[INFORMATION PROVIDED Boundary: Start]

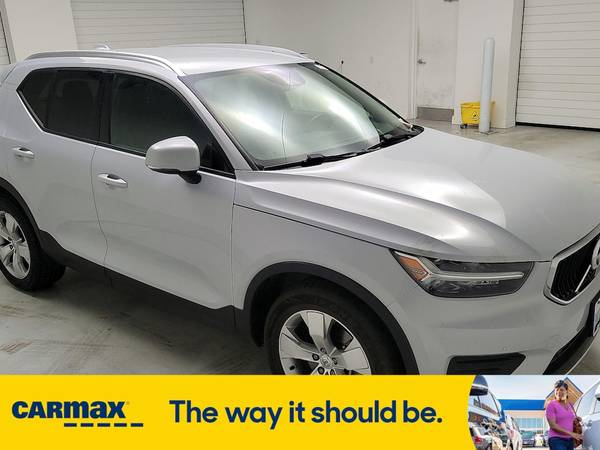 Volvo XC40 with VIN: YV4AC2HK1L2305543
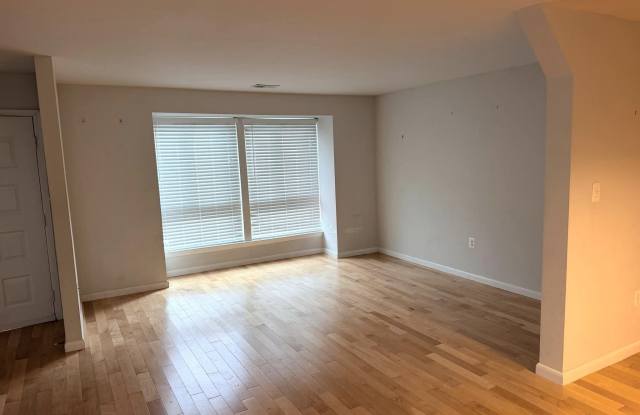 6062 HOLLOW HILL Lane Gallery 3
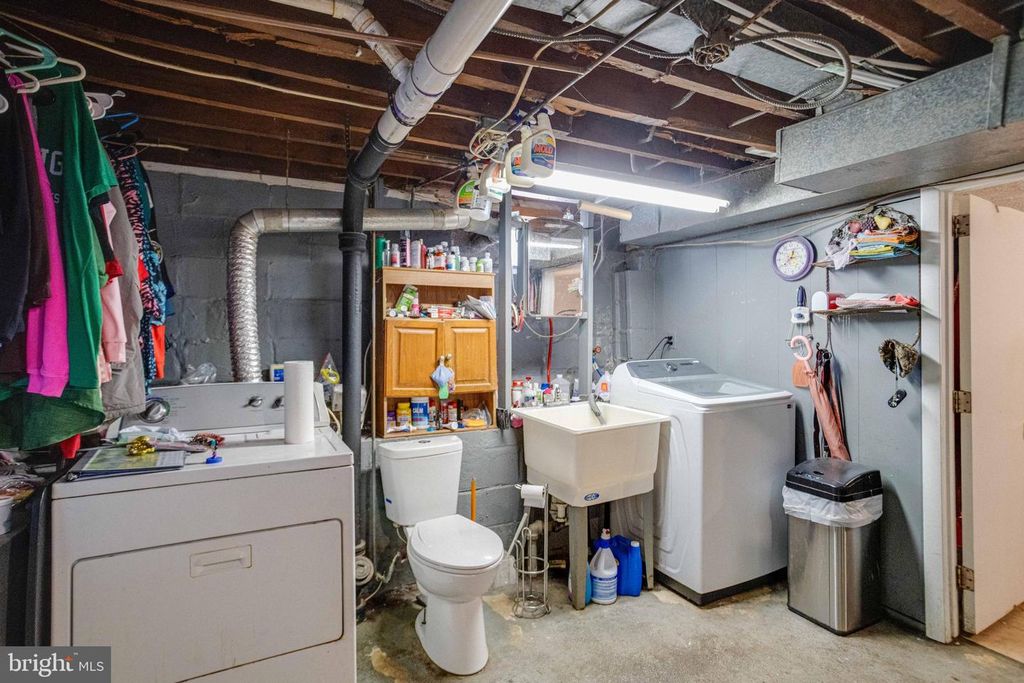 Image 29 of property listing at 900 RENFREW ST, Baltimore, MD 21221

[INFORMATION PROVIDED Boundary: End]

| AIM OF THE EXERCISE |
Copy the final stretch of lines, starting at the one that holds "6062 HOLLOW HILL Lane Gallery 3" and ending at the last line of the data, exactly; omit pictures.

| COMPLETED EXERCISE |
 6062 HOLLOW HILL Lane Gallery 3
 Image 29 of property listing at 900 RENFREW ST, Baltimore, MD 21221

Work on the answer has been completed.